**WHAT IS REQUIRED**
Transcribe exactly the lines below that begin at the line with "Bardot lace up" and stop after the line with "SNAIL Chainring 104BCD", leaving out every picture.

(RECORDS FOR THE TASK begins)

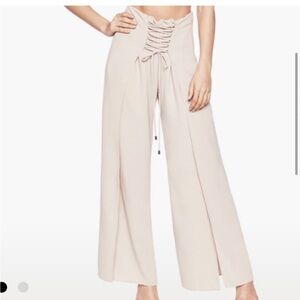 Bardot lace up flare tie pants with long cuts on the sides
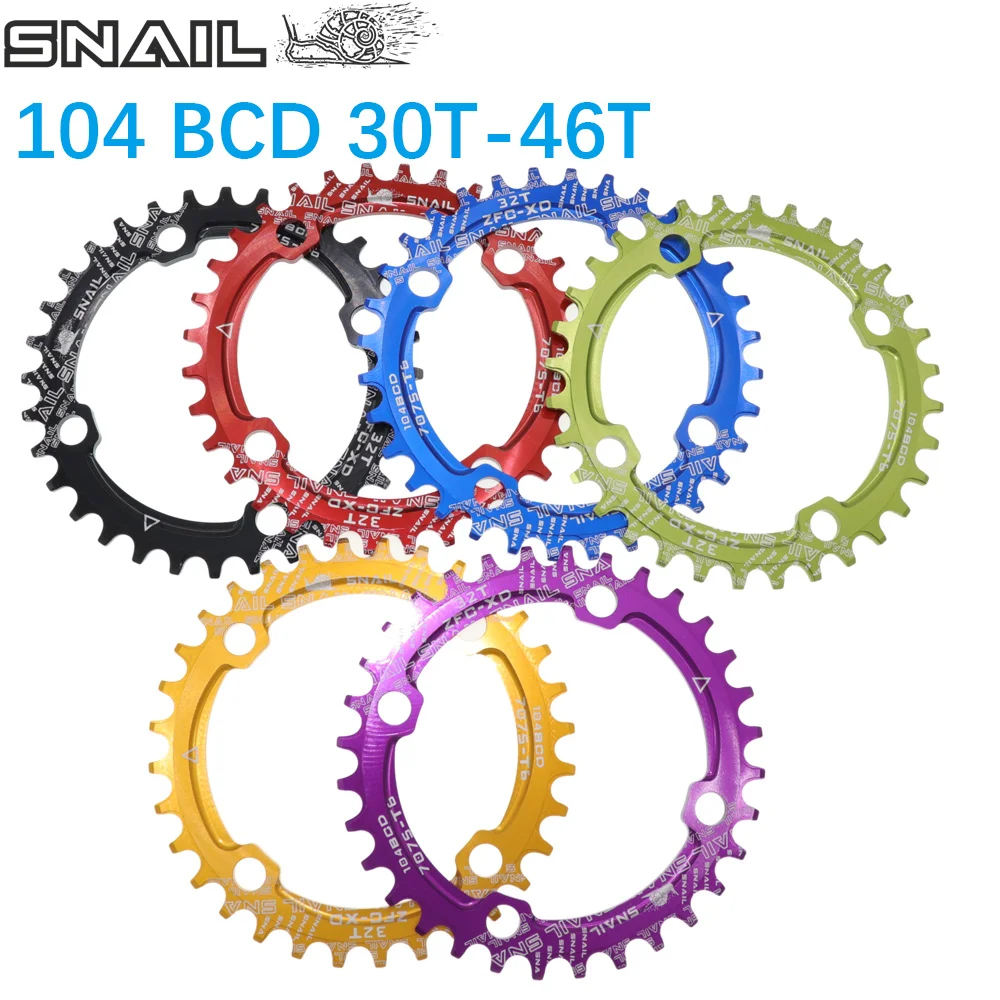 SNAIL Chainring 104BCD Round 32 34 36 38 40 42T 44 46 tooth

(RECORDS FOR THE TASK ends)
(RECORDS FOR THE TASK begins)

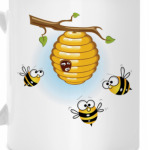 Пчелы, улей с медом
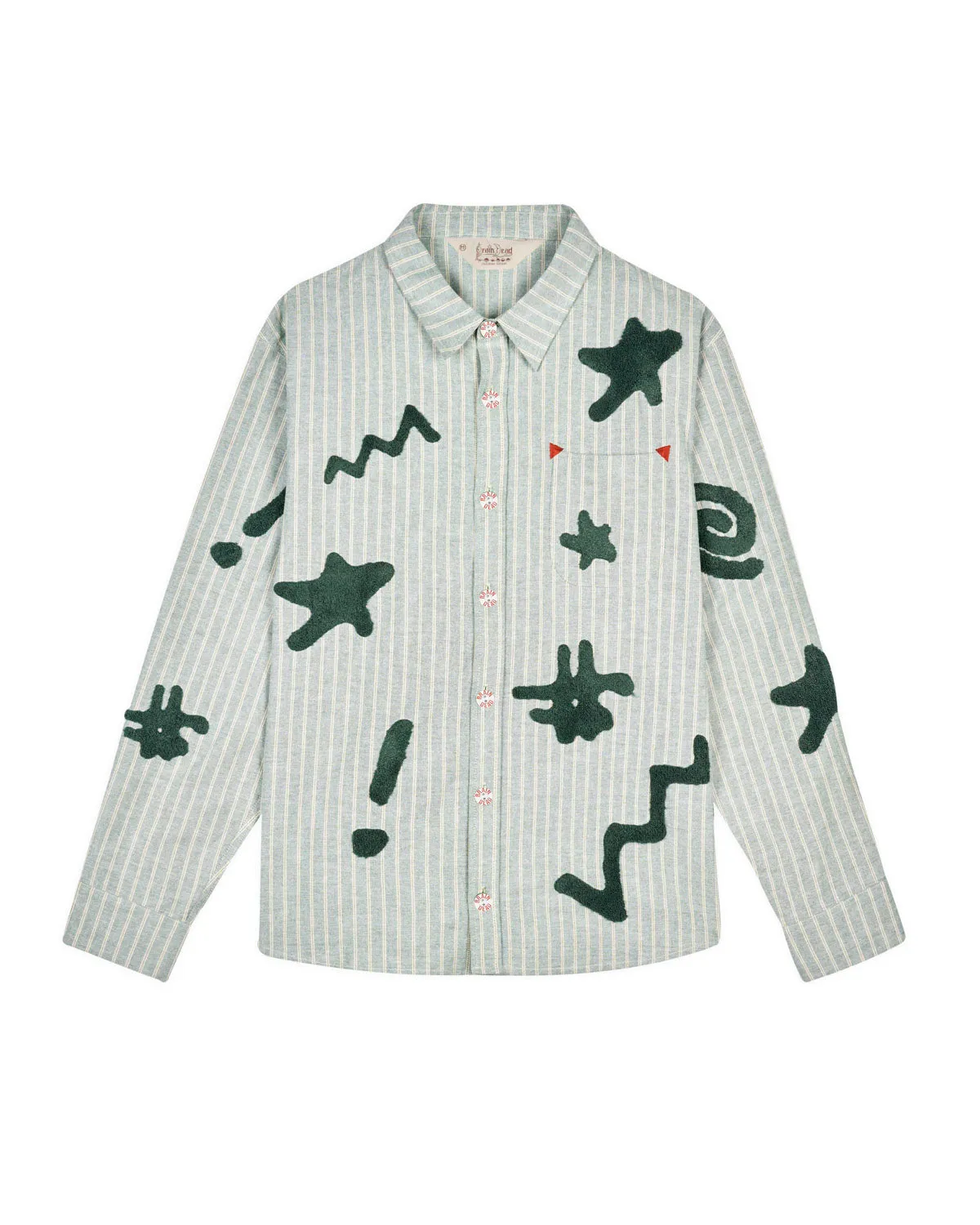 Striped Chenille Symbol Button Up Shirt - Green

(RECORDS FOR THE TASK ends)

**RESPONSE FOR THIS EXERCISE**
 Bardot lace up flare tie pants with long cuts on the sides
 SNAIL Chainring 104BCD Round 32 34 36 38 40 42T 44 46 tooth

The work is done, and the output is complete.